Work instruction → What's wanted is each entry repeated verbatim, minus its images.

[Extracted records]
# # # # #
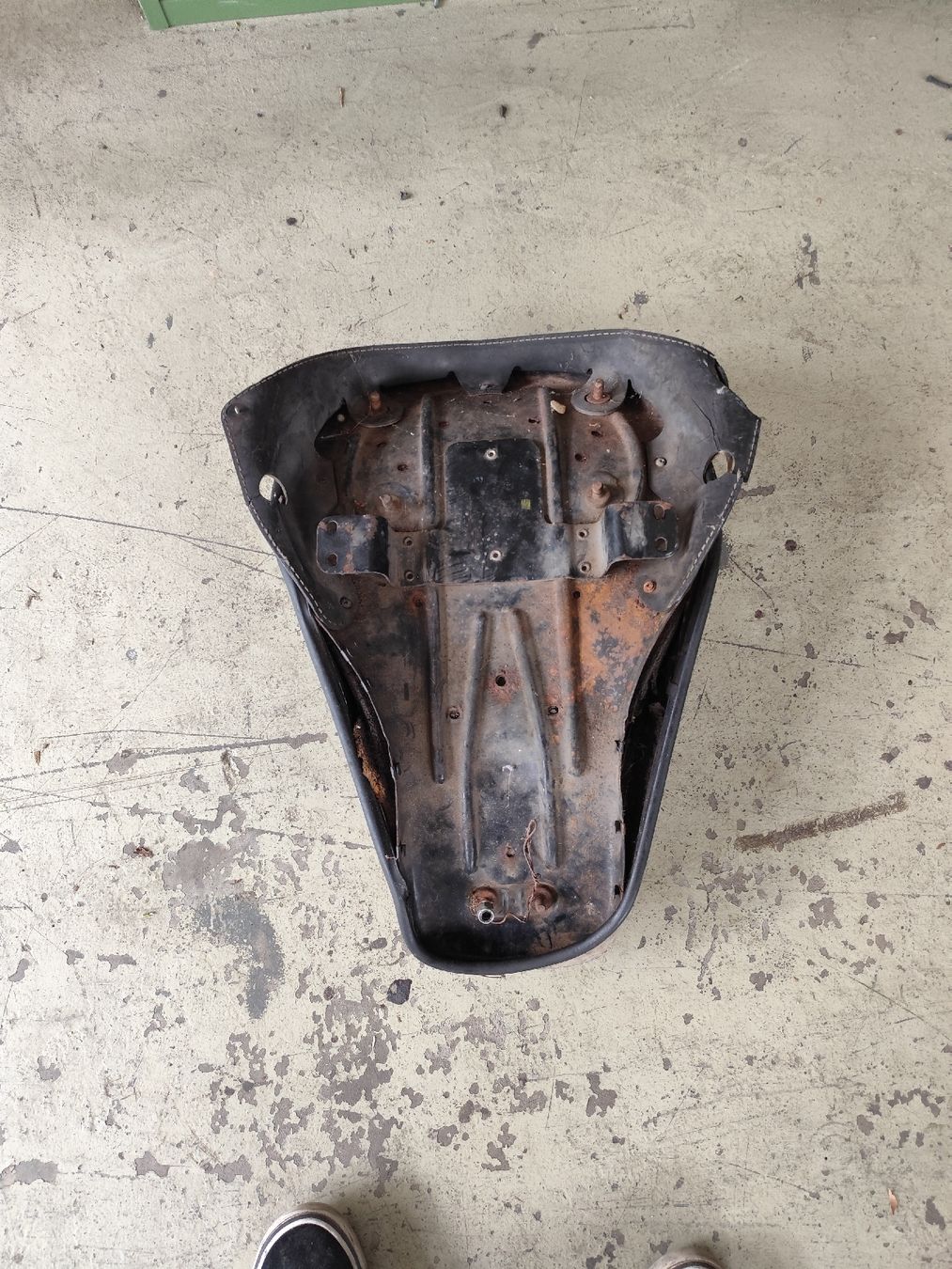 Toutes les pièces détachées moto: Sattel Harley Schovelhead – D'occasion à Brunnen par Hirm1 1
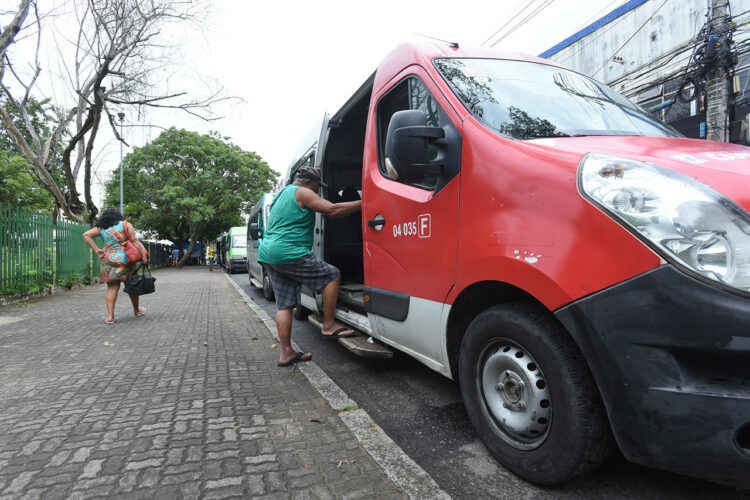 Frota de Vans diminui em Campos dos Goytacazes após atraso em subsídios; Prefeito em licença foi para o Nordeste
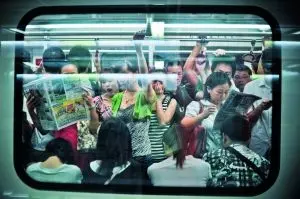 楼巴削减惹的祸番禺多盘业主挤地铁难过进欧洲杯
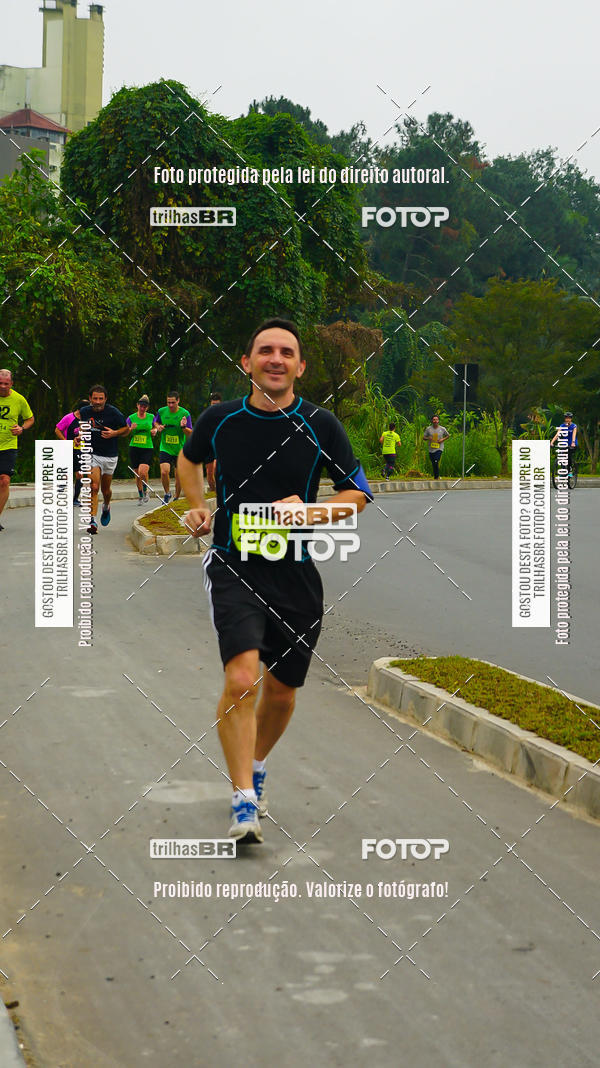 Buy your photos of the eventMeia Maratona de Blumenau on Fotop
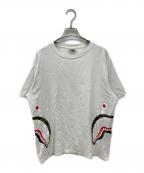 BAPE BY A BATHING APEベイプバイアベイシングエイプ）の古着「サイドシャークプリントTシャツ」｜ホワイト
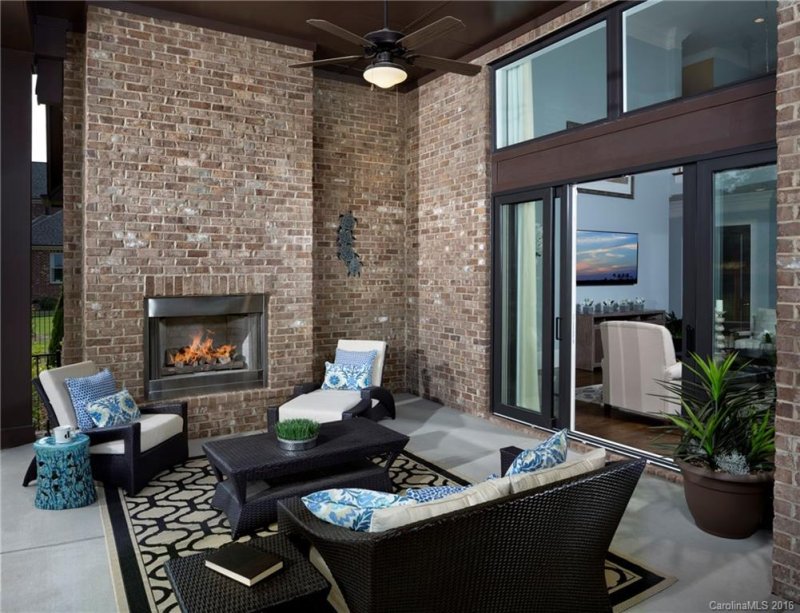 2030 Stonemeade Drive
# # # # #
Answer box →
 Toutes les pièces détachées moto: Sattel Harley Schovelhead – D'occasion à Brunnen par Hirm1 1
 Frota de Vans diminui em Campos dos Goytacazes após atraso em subsídios; Prefeito em licença foi para o Nordeste
 楼巴削减惹的祸番禺多盘业主挤地铁难过进欧洲杯
 Buy your photos of the eventMeia Maratona de Blumenau on Fotop
 BAPE BY A BATHING APEベイプバイアベイシングエイプ）の古着「サイドシャークプリントTシャツ」｜ホワイト
 2030 Stonemeade Drive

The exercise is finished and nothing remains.